Task. When a line in the entries below contains "Indoor", tally it; give the tally with nothing added.

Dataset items
================================

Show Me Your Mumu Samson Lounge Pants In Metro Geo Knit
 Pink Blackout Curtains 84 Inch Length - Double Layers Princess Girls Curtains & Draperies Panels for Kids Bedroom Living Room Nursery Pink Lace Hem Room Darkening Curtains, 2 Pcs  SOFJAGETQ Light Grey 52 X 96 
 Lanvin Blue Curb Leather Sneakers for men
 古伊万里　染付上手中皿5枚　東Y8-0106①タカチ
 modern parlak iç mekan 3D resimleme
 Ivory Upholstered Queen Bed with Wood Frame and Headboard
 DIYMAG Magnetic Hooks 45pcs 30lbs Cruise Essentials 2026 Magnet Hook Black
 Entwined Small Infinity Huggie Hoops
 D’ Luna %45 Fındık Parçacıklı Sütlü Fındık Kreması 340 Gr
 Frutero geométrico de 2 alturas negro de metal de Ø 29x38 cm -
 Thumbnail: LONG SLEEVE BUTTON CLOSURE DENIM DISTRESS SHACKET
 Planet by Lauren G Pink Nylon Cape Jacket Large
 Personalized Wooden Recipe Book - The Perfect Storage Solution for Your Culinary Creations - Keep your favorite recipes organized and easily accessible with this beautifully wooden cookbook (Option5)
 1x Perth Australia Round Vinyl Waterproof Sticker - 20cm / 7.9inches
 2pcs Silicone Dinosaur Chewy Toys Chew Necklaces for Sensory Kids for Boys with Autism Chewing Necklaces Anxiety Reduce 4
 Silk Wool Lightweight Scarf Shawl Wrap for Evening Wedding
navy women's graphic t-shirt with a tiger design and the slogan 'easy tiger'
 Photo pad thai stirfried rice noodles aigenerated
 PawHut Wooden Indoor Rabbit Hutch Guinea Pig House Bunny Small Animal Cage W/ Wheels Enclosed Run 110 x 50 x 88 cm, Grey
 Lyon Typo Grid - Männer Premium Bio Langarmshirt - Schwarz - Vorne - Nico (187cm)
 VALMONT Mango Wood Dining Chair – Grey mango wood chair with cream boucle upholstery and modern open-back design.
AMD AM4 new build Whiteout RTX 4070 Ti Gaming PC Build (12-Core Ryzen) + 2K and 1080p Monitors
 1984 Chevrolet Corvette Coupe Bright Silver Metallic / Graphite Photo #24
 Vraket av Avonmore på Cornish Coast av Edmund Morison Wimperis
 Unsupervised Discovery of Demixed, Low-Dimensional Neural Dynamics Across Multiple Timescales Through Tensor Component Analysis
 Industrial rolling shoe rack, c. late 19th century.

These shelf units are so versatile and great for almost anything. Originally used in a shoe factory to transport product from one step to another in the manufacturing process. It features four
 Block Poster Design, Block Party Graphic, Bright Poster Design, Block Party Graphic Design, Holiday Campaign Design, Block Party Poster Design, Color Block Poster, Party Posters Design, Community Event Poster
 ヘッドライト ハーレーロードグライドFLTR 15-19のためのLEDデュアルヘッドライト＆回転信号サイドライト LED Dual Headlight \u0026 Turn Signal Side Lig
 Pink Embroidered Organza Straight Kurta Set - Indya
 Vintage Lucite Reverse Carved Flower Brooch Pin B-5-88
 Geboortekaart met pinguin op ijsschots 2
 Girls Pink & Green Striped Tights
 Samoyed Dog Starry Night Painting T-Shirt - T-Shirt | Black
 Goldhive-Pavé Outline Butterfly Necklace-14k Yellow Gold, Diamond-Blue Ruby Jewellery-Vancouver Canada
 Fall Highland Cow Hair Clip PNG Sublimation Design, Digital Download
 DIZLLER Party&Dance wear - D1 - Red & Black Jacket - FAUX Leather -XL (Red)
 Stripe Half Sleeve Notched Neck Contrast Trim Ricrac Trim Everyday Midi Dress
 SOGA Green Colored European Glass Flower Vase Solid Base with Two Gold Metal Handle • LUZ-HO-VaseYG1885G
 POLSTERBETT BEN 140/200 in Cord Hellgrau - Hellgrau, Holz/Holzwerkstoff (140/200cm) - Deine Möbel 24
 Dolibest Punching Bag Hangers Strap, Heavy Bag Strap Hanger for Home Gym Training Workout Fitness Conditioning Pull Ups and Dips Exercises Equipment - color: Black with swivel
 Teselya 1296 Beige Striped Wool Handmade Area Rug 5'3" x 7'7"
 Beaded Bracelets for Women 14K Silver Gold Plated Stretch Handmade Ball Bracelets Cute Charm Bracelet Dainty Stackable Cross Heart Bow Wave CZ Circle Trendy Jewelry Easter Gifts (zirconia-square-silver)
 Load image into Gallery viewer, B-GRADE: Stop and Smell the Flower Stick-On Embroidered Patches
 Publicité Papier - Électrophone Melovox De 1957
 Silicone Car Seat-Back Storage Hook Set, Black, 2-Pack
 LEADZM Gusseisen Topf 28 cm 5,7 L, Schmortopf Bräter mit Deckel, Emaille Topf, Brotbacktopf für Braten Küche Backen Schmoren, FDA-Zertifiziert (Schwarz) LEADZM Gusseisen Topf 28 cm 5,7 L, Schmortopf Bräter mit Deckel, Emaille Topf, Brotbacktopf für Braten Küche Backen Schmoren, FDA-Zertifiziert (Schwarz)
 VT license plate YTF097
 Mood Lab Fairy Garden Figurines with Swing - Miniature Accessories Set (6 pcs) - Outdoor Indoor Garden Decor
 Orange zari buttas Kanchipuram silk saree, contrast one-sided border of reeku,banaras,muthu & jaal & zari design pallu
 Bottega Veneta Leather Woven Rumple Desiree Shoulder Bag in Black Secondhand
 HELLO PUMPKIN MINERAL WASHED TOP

================================

The answer. 2